Sundays used to be the hardest.
When the kids were little and the house was loud, I used to crave silence even just a few minutes to breathe. But when they started spending weekends somewhere else, the silence became deafening. I didn’t know what to do with all that stillness. The house felt too quiet, the clock too loud.
I would walk around the house and feel the ache of both freedom and loneliness. That’s the strange thing about being a single mom, you spend your days wishing for rest, and when rest finally comes, it feels foreign.
But over the years, I’ve learned that stillness isn’t something to be afraid of. It’s something sacred, a space where healing begins.
When Life Forced Me to Be Still
When I was fighting for custody of my children, my case worker told me something I’ll never forget: Be still.
At the time, I didn’t understand what she meant. My whole world was chaos. Everything in me wanted to speak, defend, argue, explain. I wanted to prove that I was the better parent, the more stable one, the one who deserved to keep her children close.
But instead of reacting, I listened.
I took her advice to heart and began writing instead of talking. I poured my thoughts, my anger, and my fears into a journal. I learned to process my emotions quietly, without letting them spill where they could be used against me.
By being still, my “enemies” didn’t know what I was up to. They couldn’t predict my next move, and that became my strength.
Silence became my strategy.
And in that stillness, I learned that not every battle is fought out loud, some are won in silence, one wise, steady decision at a time.
Stillness as a Single Mother’s Survival Skill
Being still as a single mom doesn’t always look peaceful. Sometimes it’s holding back tears while folding laundry. Sometimes it’s sitting at the dining table alone on a Sunday, knowing your kids are away, and choosing not to let the loneliness swallow you.

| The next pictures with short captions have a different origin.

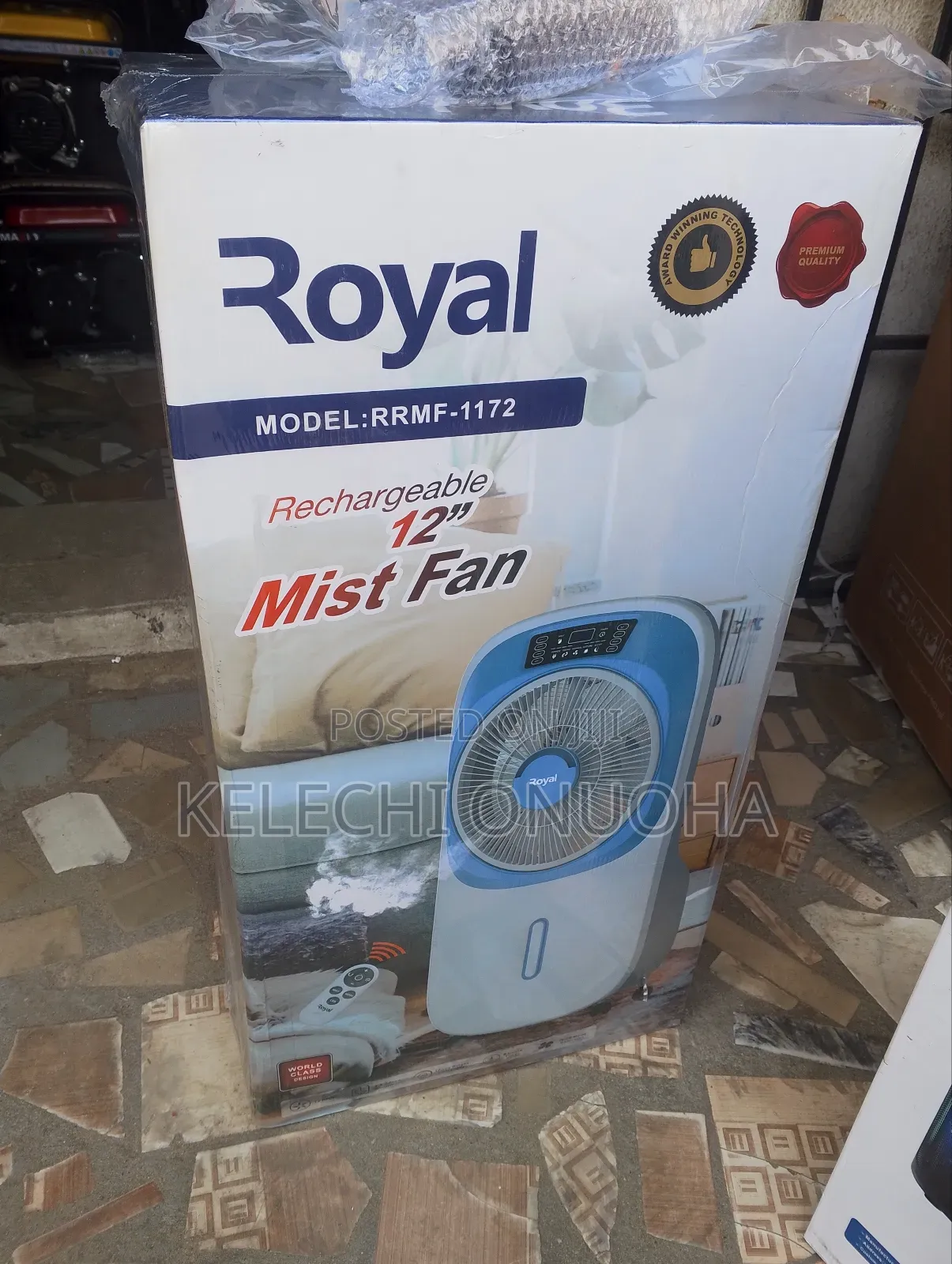 Royal Mix Fan Sir Cooler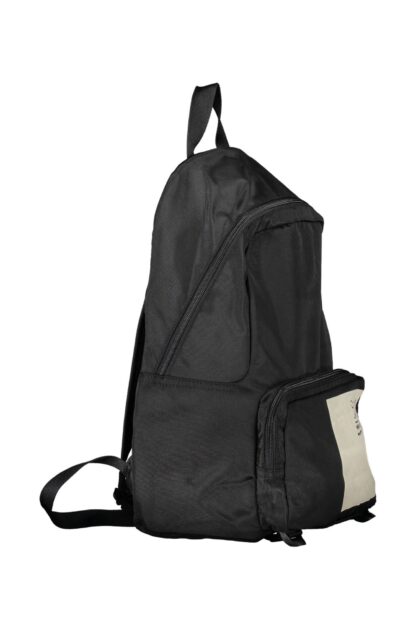 Calvin Klein - Black Polyester Men Backpack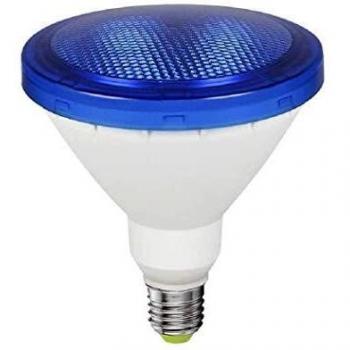 Edm 98875 Bombilla Par38, Luz Azul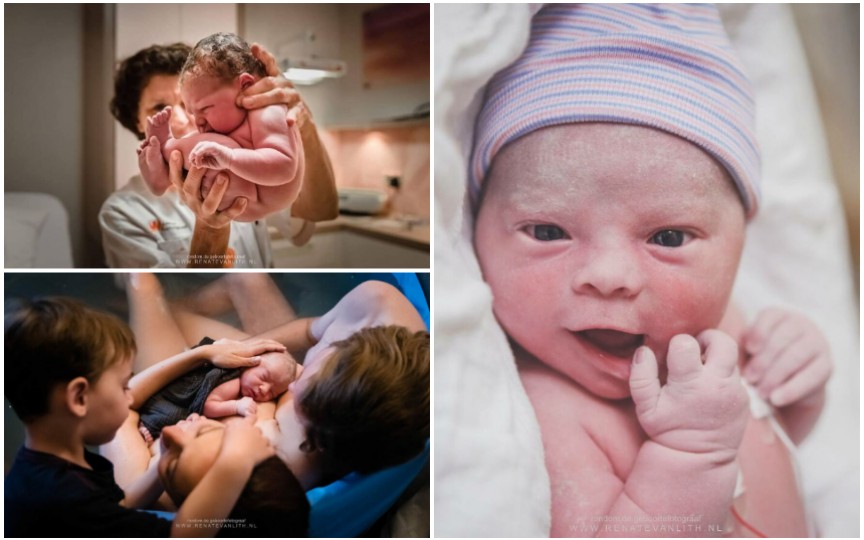 Cele mai spectaculoase 30 de fotografii de la naștere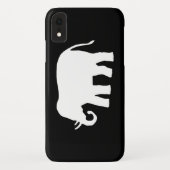 Coques Case-Mate iPhone Eléphant blanc (Dos)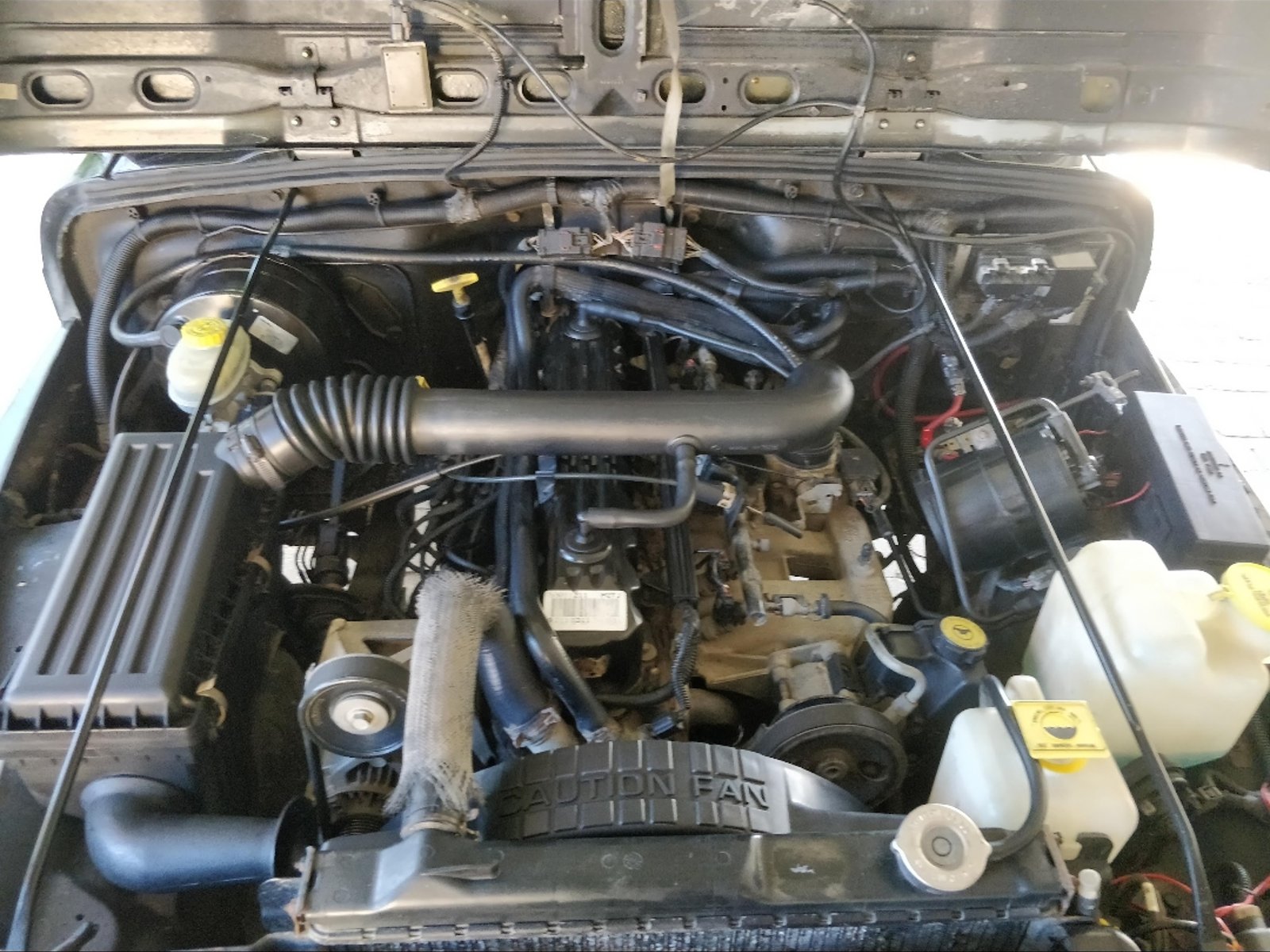 Jeep Wrangler 4.0 4WD Manual, 177hp, 1998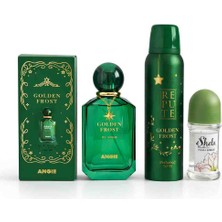 ANGİE Angie Golden Frost Parfüm ve Repute Deodorant- Roll On S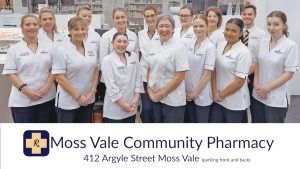 Moss Vale Community Pharmacy Team June 24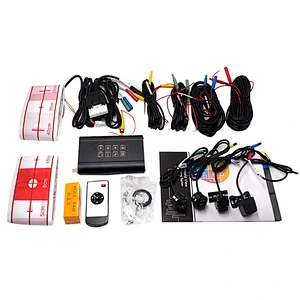 SONY225 camera 360  1080P 3D blind spot view system used for BMW 320 520 730 ect after market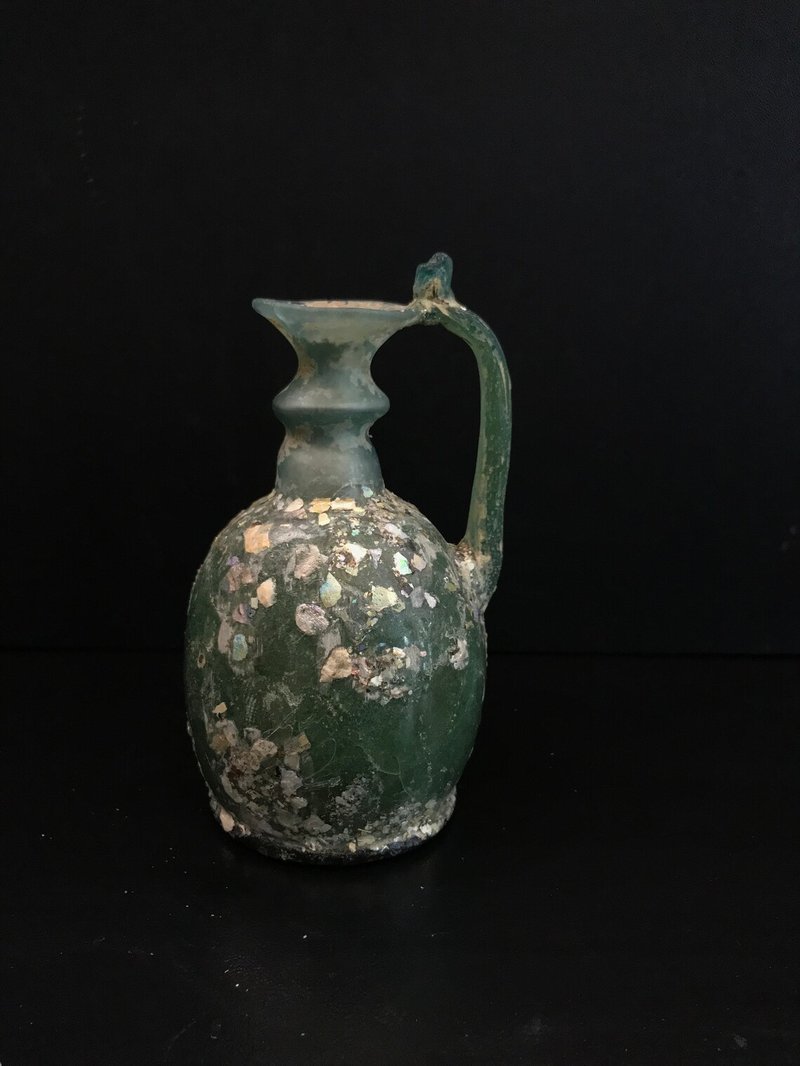 Ancient Roman Glass Perfume Bottles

Stillness isn’t the absence of pain but it’s learning how to exist with it gracefully.
I used to fill every quiet moment with distraction like cleaning, scrolling, overthinking, just about anything to avoid feeling the ache. But eventually, I realized that the silence wasn’t punishing me. It was protecting me.
It was giving me time to breathe, to think, to rebuild.
In the stillness, I learned who I was outside of motherhood, outside of the relationship, outside of the noise. I found the woman I had lost while taking care of everyone else.
The Healing Power of Sundays
Now, Sundays are different. They’ve become my day for stillness and not the forced kind that used to feel lonely, but the chosen kind that feels like peace.
I light a candle, make coffee, play soft music, and write. Sometimes I read old journal entries and smile at how far I’ve come. Sometimes I cry. But I always end the day grateful because I survived what once felt impossible.
Sundays are no longer empty. They’re full of grace.
They remind me that I don’t have to chase life anymore. I can let it unfold. That healing doesn’t need noise. It just needs space.
The Gift of Being Still
Being still taught me that silence doesn’t mean surrender.
It means strength.
It means protecting your peace and conserving your energy for the things that truly matter like raising your children, rebuilding your life, and reclaiming your joy.
Stillness isn’t the opposite of movement; it’s the foundation of it.
Because when you are still, you can see clearly where to go next.
So this Sunday, if the house feels too quiet and your heart feels too full, take a deep breath.
Be still.
You don’t have to fill the silence.
Let it hold you instead.
You are not alone in your stillness — you are healing in it.